--- Brief ---
Transcribe nothing except the lines below that run from the one with "Амелотекс таблетки 7" to the one with "被害者のふりをせずにはいられない人", ends included, and do not copy any picture.

--- Records shown Enclosed Below ---

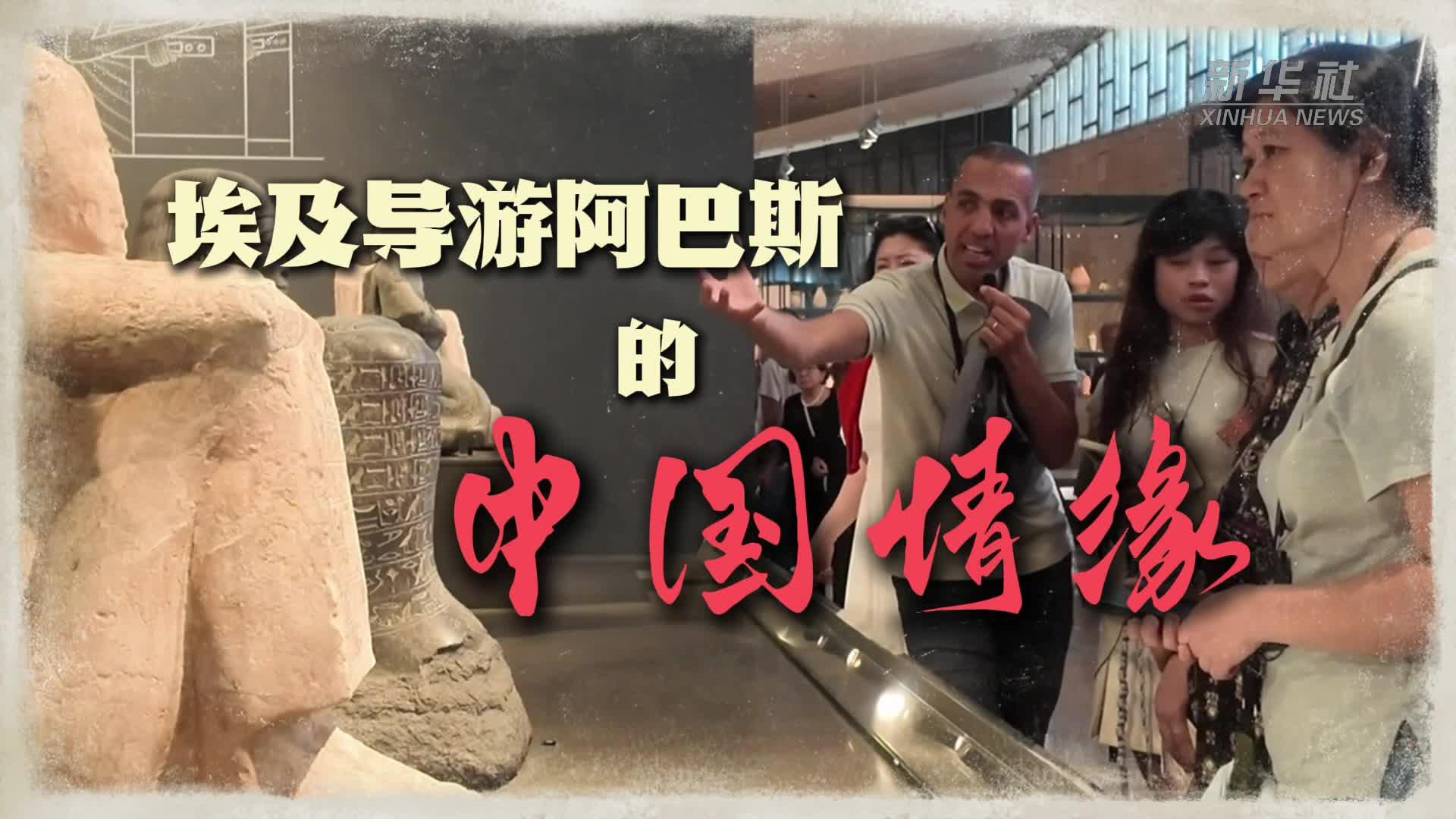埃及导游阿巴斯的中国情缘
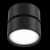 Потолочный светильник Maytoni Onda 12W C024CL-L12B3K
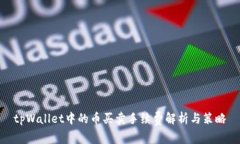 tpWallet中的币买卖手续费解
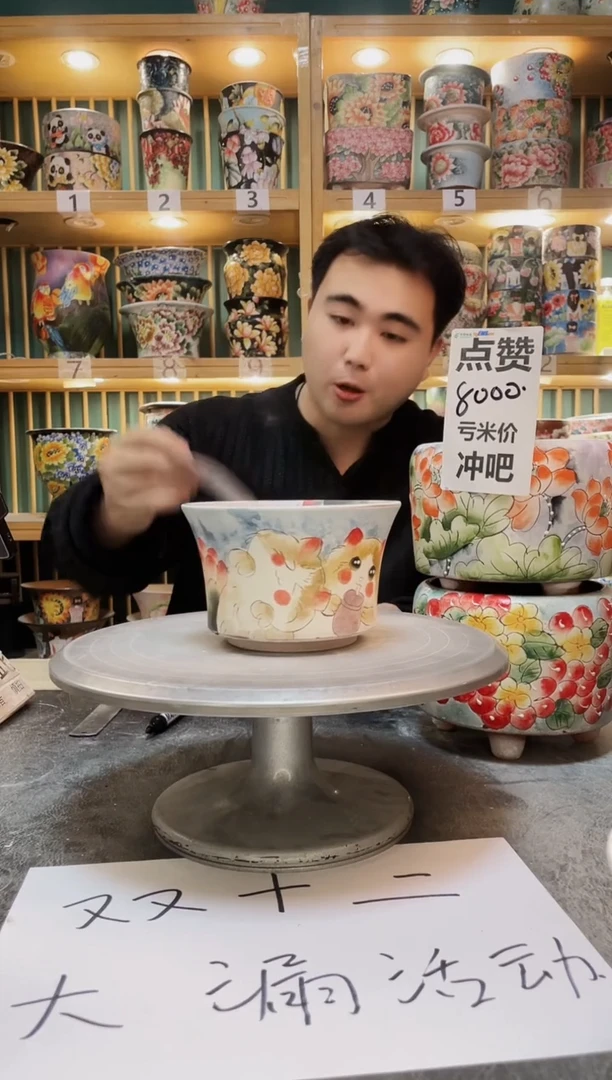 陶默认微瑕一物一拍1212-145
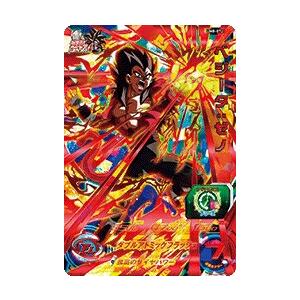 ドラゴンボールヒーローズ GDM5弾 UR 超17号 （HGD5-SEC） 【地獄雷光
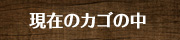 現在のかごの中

--- End of Enclosed Records shown ---
--- Records shown Enclosed Below ---

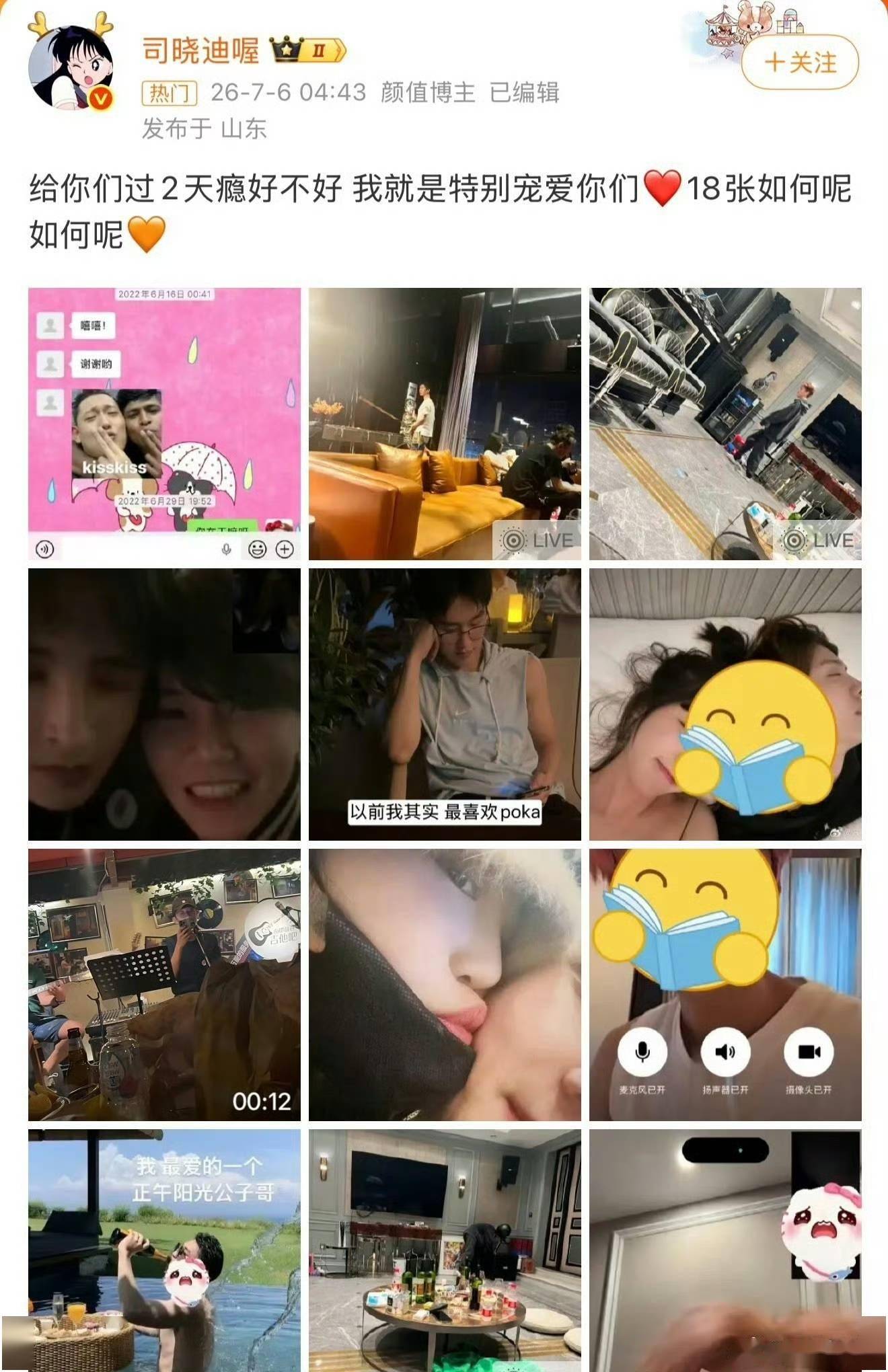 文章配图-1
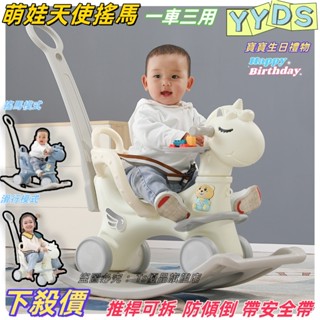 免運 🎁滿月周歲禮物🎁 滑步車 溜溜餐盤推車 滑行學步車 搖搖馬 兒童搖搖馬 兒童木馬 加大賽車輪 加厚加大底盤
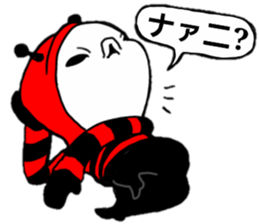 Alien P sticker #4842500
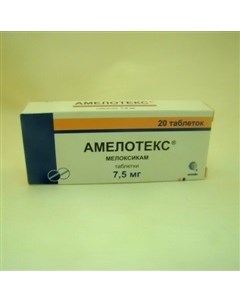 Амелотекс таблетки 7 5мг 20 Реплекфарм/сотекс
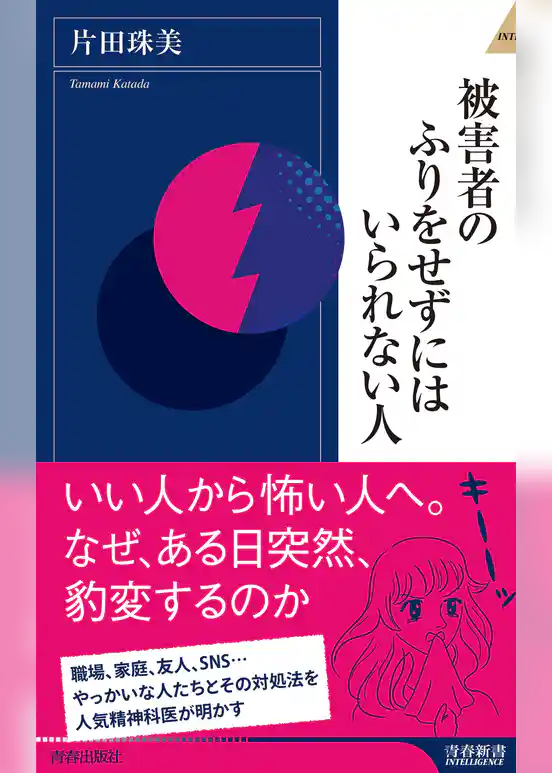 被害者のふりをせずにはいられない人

--- End of Enclosed Records shown ---

--- Answer to this exercise ---
 Амелотекс таблетки 7 5мг 20 Реплекфарм/сотекс
 被害者のふりをせずにはいられない人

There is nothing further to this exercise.